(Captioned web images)
····················

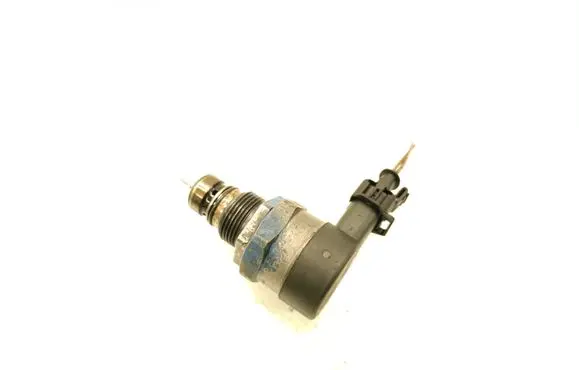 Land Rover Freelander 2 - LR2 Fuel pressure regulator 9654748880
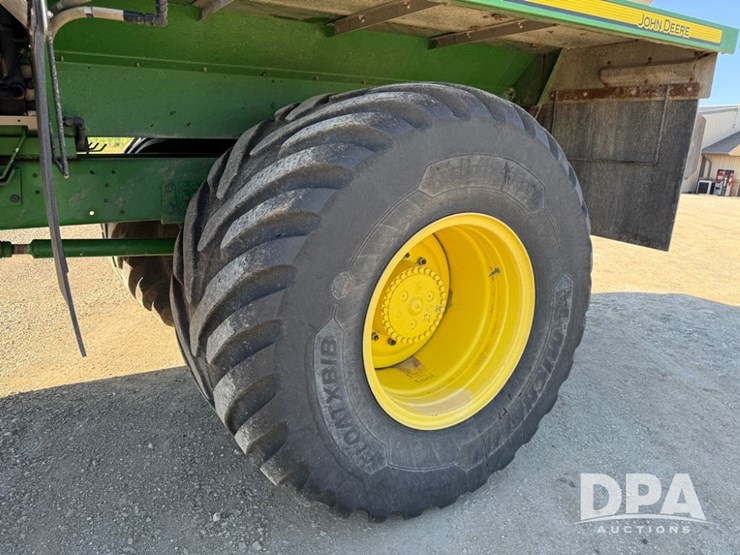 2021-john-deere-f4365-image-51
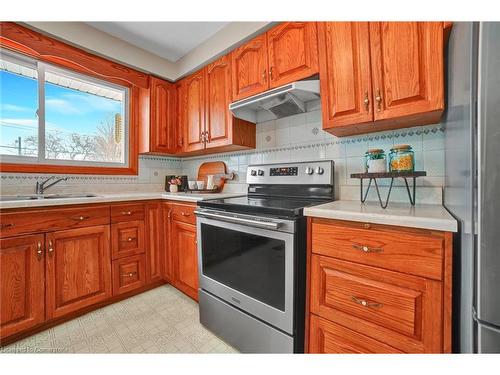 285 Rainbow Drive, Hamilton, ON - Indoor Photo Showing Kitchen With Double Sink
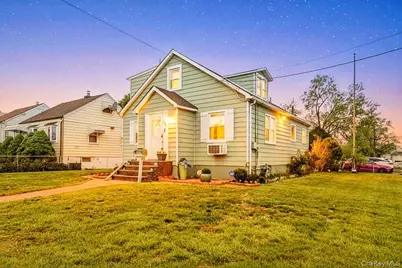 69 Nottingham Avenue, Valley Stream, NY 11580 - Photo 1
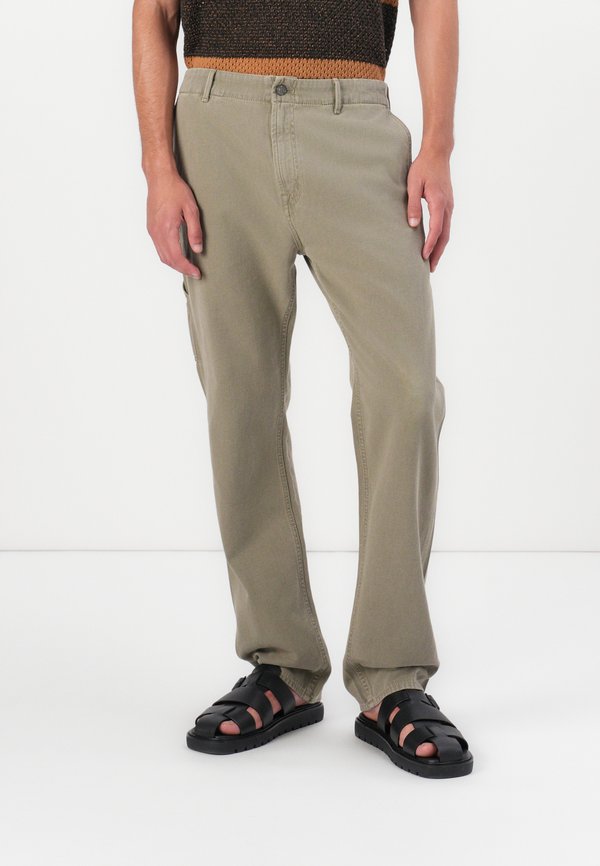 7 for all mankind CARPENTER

····················

Would you give the data above again word for word, minus the pictures?

Written solution:
 Land Rover Freelander 2 - LR2 Fuel pressure regulator 9654748880
 2021-john-deere-f4365-image-51
 285 Rainbow Drive, Hamilton, ON - Indoor Photo Showing Kitchen With Double Sink
 69 Nottingham Avenue, Valley Stream, NY 11580 - Photo 1
 7 for all mankind CARPENTER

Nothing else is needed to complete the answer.